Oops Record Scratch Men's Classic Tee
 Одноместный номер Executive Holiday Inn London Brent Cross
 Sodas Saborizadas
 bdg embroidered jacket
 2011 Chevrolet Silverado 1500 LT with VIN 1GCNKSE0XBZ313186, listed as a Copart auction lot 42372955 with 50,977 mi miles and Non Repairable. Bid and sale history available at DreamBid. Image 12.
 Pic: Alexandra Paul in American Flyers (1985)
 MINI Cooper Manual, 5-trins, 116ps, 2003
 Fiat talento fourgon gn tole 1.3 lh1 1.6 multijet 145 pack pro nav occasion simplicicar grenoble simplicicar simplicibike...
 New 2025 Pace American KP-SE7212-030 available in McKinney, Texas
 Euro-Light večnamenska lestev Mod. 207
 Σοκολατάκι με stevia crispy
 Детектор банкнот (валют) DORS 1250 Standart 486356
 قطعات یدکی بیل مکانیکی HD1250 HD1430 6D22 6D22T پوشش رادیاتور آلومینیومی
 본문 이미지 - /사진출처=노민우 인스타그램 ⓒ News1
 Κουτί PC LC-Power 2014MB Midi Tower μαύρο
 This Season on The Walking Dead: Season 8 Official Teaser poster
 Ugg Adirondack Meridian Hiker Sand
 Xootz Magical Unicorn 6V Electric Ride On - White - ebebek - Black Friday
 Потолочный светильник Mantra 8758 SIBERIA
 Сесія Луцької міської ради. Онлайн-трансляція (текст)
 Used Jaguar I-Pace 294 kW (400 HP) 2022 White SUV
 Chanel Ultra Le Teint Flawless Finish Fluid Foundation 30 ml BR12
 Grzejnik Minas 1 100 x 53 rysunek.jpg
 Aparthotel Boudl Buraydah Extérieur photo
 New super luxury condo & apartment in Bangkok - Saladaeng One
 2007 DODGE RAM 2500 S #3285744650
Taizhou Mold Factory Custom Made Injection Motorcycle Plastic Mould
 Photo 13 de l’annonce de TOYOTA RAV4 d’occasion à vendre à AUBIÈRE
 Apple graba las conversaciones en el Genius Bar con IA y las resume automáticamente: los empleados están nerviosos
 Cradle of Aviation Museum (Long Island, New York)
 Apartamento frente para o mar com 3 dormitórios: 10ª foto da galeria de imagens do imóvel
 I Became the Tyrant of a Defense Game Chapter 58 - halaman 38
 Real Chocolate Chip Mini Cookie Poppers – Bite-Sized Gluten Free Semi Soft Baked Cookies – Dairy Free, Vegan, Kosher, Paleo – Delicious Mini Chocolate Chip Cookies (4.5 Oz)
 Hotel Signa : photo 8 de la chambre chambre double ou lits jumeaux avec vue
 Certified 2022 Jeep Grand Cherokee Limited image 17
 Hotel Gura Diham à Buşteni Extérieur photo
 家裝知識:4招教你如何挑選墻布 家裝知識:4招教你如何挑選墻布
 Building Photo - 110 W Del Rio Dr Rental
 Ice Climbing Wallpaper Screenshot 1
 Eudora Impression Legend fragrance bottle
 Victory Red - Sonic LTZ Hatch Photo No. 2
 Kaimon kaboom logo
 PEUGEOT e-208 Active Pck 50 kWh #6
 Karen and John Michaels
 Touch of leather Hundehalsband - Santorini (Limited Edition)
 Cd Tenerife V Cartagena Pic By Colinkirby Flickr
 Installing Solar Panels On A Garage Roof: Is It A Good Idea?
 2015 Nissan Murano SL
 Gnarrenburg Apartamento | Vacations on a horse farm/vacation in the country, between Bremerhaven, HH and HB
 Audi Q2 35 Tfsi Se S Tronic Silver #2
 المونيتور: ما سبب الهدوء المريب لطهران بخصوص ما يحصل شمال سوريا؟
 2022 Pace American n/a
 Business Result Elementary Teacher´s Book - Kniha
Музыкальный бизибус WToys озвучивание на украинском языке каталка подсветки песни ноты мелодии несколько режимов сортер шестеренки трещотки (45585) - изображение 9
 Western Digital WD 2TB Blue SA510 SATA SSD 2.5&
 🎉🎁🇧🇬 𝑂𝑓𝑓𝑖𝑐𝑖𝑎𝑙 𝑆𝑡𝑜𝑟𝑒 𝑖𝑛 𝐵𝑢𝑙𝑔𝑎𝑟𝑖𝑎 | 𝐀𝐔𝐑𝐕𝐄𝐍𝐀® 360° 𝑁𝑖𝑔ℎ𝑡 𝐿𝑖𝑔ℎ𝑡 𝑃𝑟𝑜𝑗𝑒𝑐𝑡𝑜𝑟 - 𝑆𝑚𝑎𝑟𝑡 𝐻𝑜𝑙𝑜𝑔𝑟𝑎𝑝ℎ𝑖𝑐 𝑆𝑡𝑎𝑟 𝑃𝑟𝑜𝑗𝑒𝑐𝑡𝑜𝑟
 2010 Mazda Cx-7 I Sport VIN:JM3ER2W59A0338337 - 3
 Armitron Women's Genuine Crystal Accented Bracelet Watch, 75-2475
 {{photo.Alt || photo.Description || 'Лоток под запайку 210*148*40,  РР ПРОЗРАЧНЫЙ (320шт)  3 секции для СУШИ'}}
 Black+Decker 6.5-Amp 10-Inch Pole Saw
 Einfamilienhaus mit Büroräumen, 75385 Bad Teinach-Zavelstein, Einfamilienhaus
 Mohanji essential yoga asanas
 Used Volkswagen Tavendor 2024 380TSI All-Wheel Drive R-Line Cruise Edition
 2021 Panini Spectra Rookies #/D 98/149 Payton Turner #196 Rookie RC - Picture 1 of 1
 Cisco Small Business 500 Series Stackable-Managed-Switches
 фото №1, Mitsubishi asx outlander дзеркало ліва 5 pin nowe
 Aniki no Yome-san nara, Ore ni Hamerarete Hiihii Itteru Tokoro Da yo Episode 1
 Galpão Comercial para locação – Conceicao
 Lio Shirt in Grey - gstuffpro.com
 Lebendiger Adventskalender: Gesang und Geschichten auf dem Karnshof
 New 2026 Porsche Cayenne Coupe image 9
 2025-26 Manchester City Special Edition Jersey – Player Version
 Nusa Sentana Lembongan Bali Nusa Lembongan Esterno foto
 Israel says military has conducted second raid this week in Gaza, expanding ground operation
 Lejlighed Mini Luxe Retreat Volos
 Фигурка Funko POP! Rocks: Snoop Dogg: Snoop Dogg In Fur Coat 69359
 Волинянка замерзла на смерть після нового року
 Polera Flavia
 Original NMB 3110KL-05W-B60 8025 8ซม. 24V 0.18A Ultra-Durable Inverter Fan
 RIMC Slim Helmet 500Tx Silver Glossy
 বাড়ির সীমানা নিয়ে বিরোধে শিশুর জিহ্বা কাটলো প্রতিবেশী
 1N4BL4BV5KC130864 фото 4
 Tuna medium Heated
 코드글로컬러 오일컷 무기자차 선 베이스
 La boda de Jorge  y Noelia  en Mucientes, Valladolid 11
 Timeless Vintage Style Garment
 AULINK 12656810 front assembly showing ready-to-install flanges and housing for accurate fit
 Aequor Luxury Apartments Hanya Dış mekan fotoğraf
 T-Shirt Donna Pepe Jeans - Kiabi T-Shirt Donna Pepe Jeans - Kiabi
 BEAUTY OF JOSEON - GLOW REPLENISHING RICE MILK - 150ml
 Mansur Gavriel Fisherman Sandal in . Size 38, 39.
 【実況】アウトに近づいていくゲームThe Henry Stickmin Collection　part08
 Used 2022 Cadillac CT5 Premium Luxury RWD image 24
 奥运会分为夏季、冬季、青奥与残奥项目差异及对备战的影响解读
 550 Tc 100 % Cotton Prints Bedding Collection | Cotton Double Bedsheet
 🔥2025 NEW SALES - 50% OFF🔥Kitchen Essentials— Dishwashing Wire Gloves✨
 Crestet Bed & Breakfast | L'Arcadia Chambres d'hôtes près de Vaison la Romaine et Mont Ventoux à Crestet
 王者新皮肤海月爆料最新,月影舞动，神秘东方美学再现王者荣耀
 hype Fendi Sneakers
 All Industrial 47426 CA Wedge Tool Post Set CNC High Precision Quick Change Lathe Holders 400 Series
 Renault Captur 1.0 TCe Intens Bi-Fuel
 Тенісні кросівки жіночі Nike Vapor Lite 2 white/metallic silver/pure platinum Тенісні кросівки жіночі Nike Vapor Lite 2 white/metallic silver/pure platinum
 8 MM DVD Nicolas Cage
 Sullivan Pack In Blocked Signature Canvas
○ ○ ○ ○
■ **Requirement**
Print each line, exactly as written, from the one that contains "Dishwashing Wire Gloves✨" to the end of the data above, with both end lines included and nothing else.

■ **Answer box**
 🔥2025 NEW SALES - 50% OFF🔥Kitchen Essentials— Dishwashing Wire Gloves✨
 Crestet Bed & Breakfast | L'Arcadia Chambres d'hôtes près de Vaison la Romaine et Mont Ventoux à Crestet
 王者新皮肤海月爆料最新,月影舞动，神秘东方美学再现王者荣耀
 hype Fendi Sneakers
 All Industrial 47426 CA Wedge Tool Post Set CNC High Precision Quick Change Lathe Holders 400 Series
 Renault Captur 1.0 TCe Intens Bi-Fuel
 Тенісні кросівки жіночі Nike Vapor Lite 2 white/metallic silver/pure platinum Тенісні кросівки жіночі Nike Vapor Lite 2 white/metallic silver/pure platinum
 8 MM DVD Nicolas Cage
 Sullivan Pack In Blocked Signature Canvas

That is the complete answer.